Biomedical research has long relied on broad consent models where participants provide a one-time, open-ended consent for their data to be used across a wide array of future studies. However, this traditional approach faces major ethical limitations especially with technology like genomic sequencing becoming more commonplace, generating rich yet sensitive datasets of genomic information with or without clinical annotations.

In a broad consent model, participants are limited in their ability to control how their genetic data is used after their initial consent and may also not receive information on how their information is used, despite the enormous potential of this information which may inform their healthcare, as well as that of their families. Other common considerations of participants when they are consenting to research are privacy and security of data concerns, which in a broad consent model is usually controllable only through an inflexible complete opt-out method.
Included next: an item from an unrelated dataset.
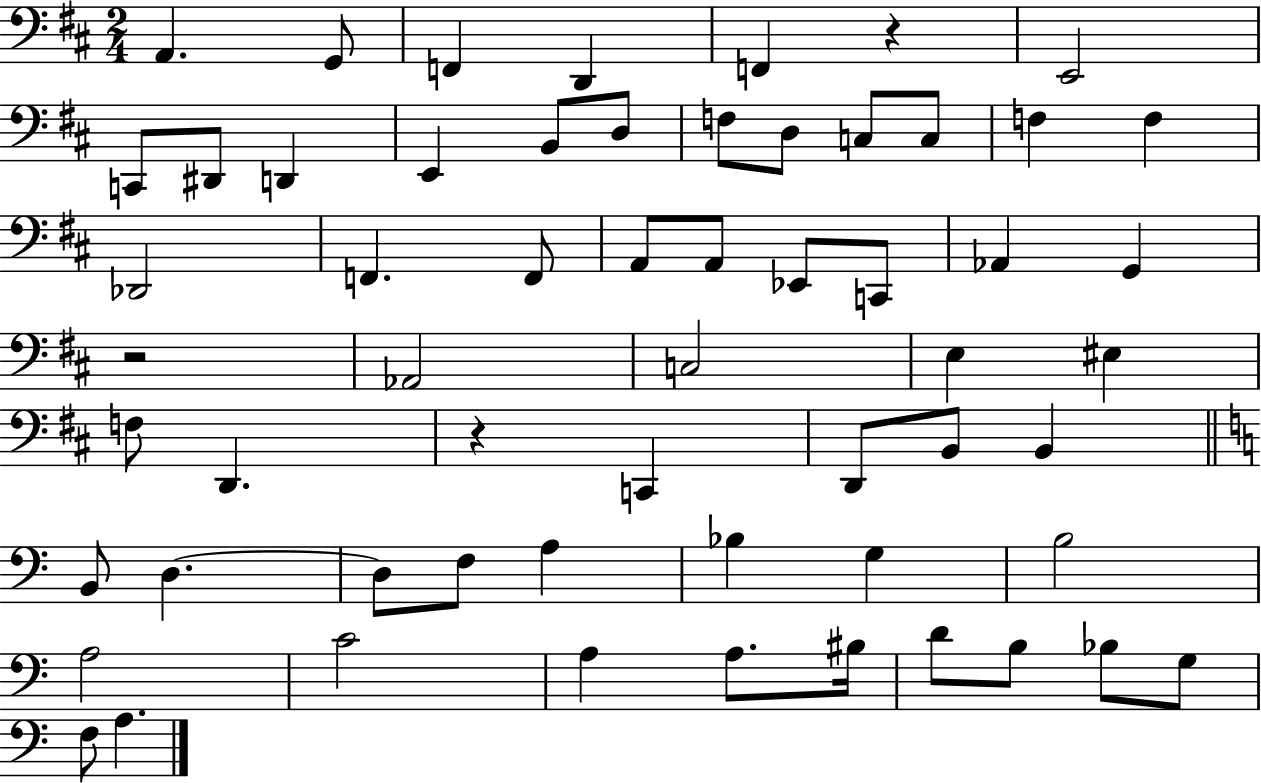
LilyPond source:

As we move closer to the mainstreaming of genomics in the Australian healthcare setting, there is a need for a solution which offers robust and secure yet flexible systems of genomic data management, one that enables informed consent and reconsenting to align with participants' updated informed choice and maintain trust in healthcare and data sovereignty. Such a model would be critical in promoting informed health choices for the general public. The key challenge of developing such robust systems lies in the balancing of data protection and ethical practices with the need for efficiency and access across research, clinical, and population health contexts.

The traditional model of informed consent in genomics relies heavily on a skilled Genetic Counselling workforce to offer in depth pre-test counselling and education to patients. With the rapid expansion of genomic technology and its increasing use across all areas of healthcare and research, a digital solution to complement an informed consent discussion must be considered.

.

The CSIRO and TRAIL Proposal: GeneGuardian

To address these challenges, we proposed GeneGuardian, a  framework for secure and ethical genomic data management centred around participant education and informed consent, which we are developing together with the MRFF-funded (MRF2017165) Newborn Gen Seq TRAIL (Newborn Genomic Sequencing: Therapy Ready And Information for Life) study. TRAIL aims to accelerate our understanding of the capabilities for using genomic sequencing technologies as a complement to newborn screening programmes, assessing feasibility, scalability (automation and bioinformatics) effectiveness and acceptability, alongside increasing logistical capacity and resources.

TRAIL are exploring the potential use of genomics as a complement to newborn bloodspot screening, which includes all of the nuanced complexities associated with seeking and providing consent in a dynamic way to such a test. Applying a dynamic consent (DC) model to the NSW newborn screening space represents a paradigm shift in the approach to consent in genomic data management for research and clinical applications.

The DC model puts participants at the centre of the decision-making by facilitating dynamic two-way communication between researchers/clinicians and the participants. This DC approach emphasises engagement and participant control, leveraging digital systems for efficiency while ensuring data security.

Key Components of GeneGuardian, with the first three directly applicable to TRIAL:

  1. Self-Sovereign Identity (SSI): GeneGuardian leverages SSI to enable participants to control their data assets with verifiable credentials and presentations. This empowers participants to manage their digital identities and data access rights to independent organisations and/or studies, making it particularly valuable when multiple organisations seek access to their genomic data for different use cases.
  2. Decentralised Dynamic Consent: GeneGuardian incorporates a decentralised dynamic consent platform, enabling participants to track, manage and change their consents in real-time.
  3. Future-Proof Encryption: GeneGuardian proposes the use of post-quantum cryptographic methods to encrypt participants' genomic data, aiming to ensure long-term security against next-generation quantum computing attacks.
  4. Interoperability: GeneGuardian aims to seamlessly integrate with existing and future healthcare systems by leveraging HL7 FHIR standards for its internal data model. While research systems currently use different standards (e.g., OMOP), ConsentGuardian anticipates future convergence towards healthcare standards and aims to bridge these gaps.
"Genomic data represents the most private information about the past, present, and future of an individual"

Dr Bertalan Mesko, the Medical Futurist

This quote by Dr Bertalan Mesko highlights the comprehensive and deeply personal nature of genomic data, underscoring its sensitivity and the crucial need for stringent privacy and security measures when dealing with such data.

GeneGuardian is working in concert with our wider thinking about safe genomic data management [1].

References

[1] Adrien Oliva, Anubhav Kaphle et al. Future-proofing genomic data and consent management: a comprehensive review of technology innovations 2024. DOI: 10.1093/gigascience/giae021.